The towheaded boy left the restroom, exited the front door of the Learning Center at Woodland Park Community Church and headed toward his neighborhood, which is about a mile away.

Riker didn't retrieve his shoes and coat from the classroom; outside, a few inches of snow covered the ground, and the temperature was below freezing.

But that didn't deter Riker. He was on a mission, one that he would never complete, but which still prompts people to knock on wood because of its happy ending.

His trek nevertheless has left his parents sad, confused and concerned.

"There's nothing like the fear of a missing kid," said his mother, Miranda Leilani Price.

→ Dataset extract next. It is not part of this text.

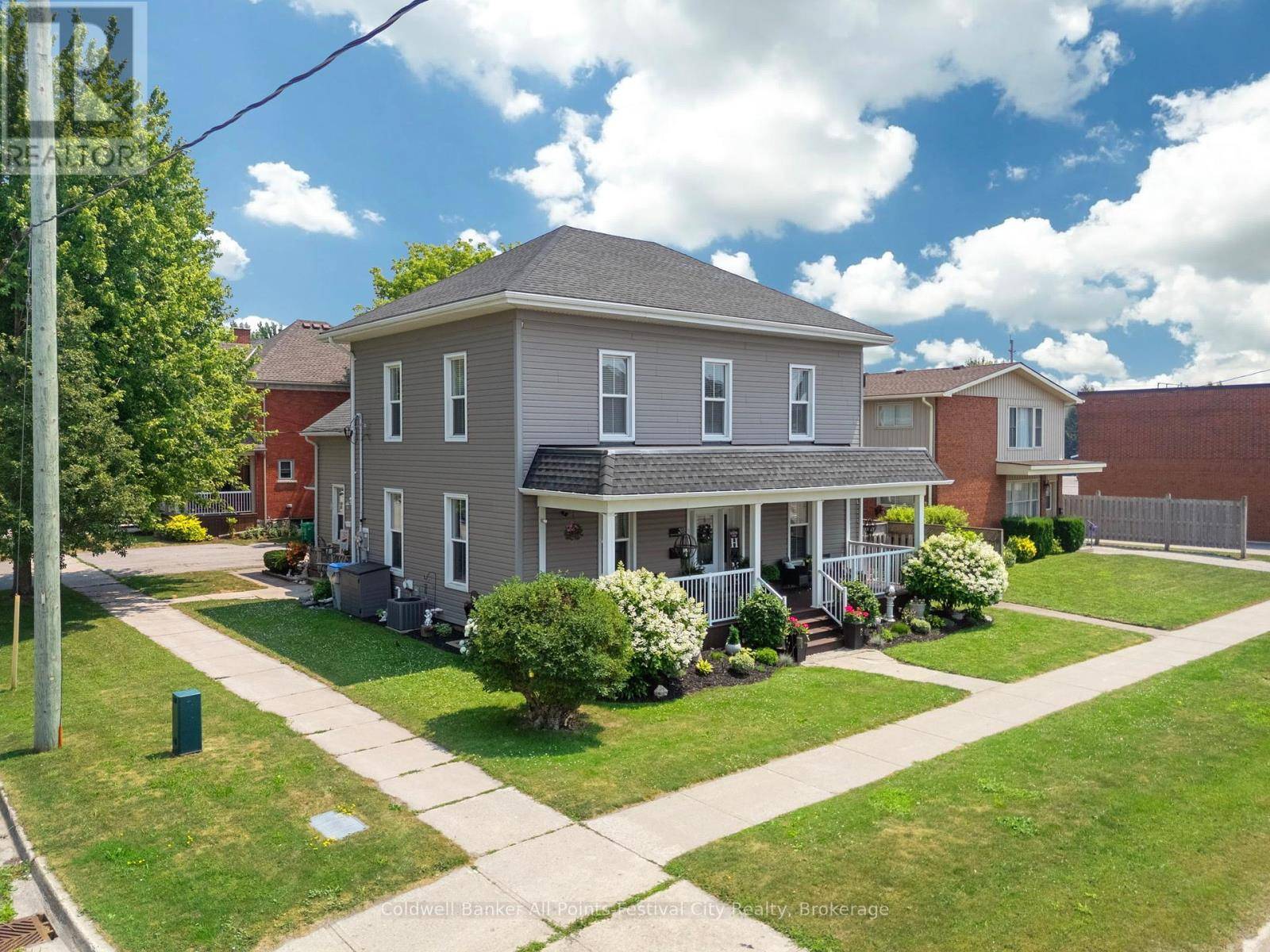 Goderich (goderich (town)), ON N7A3H4,31 VICTORIA STREET S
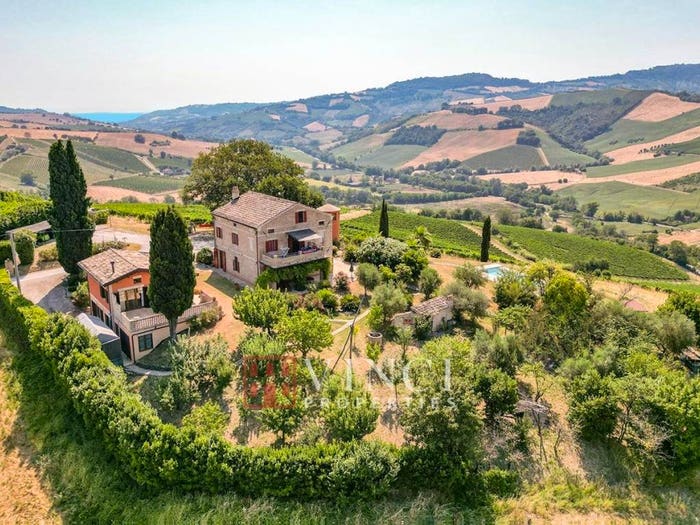 Casa con 6 locali in vendita in Strada Provinciale San Giuseppe, Montefiore dell'Aso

And the church's longtime child care center has been forced to make safety, security and training improvements to continue operating and is facing possible disciplinary measures pending a state investigation.

"It's appalling," Price said. "He made it 0.8 miles along a busy highway. Someone could have snatched him off the road and took him."

Riker's journey ended safely, but the anguish has continued for his parents, who believe the center mishandled the situation by delaying notification of the missing child not only to them but also to authorities.

Riker walked out of the Learning Center and away from the school at 1:37 p.m. Jan. 19, according to an email the center sent to all parents at 4:24 p.m. that same day.

A teacher had checked on him a few times when he was in the bathroom, asking if he was OK, and Riker said he was pooping, according to a Department of Human Services report compiled the following day.

It was naptime, and the student did not return to the classroom after using the restroom, the director's email to parents said.

"Teachers noticed the absence and we searched inside the building and notified the parents," it read.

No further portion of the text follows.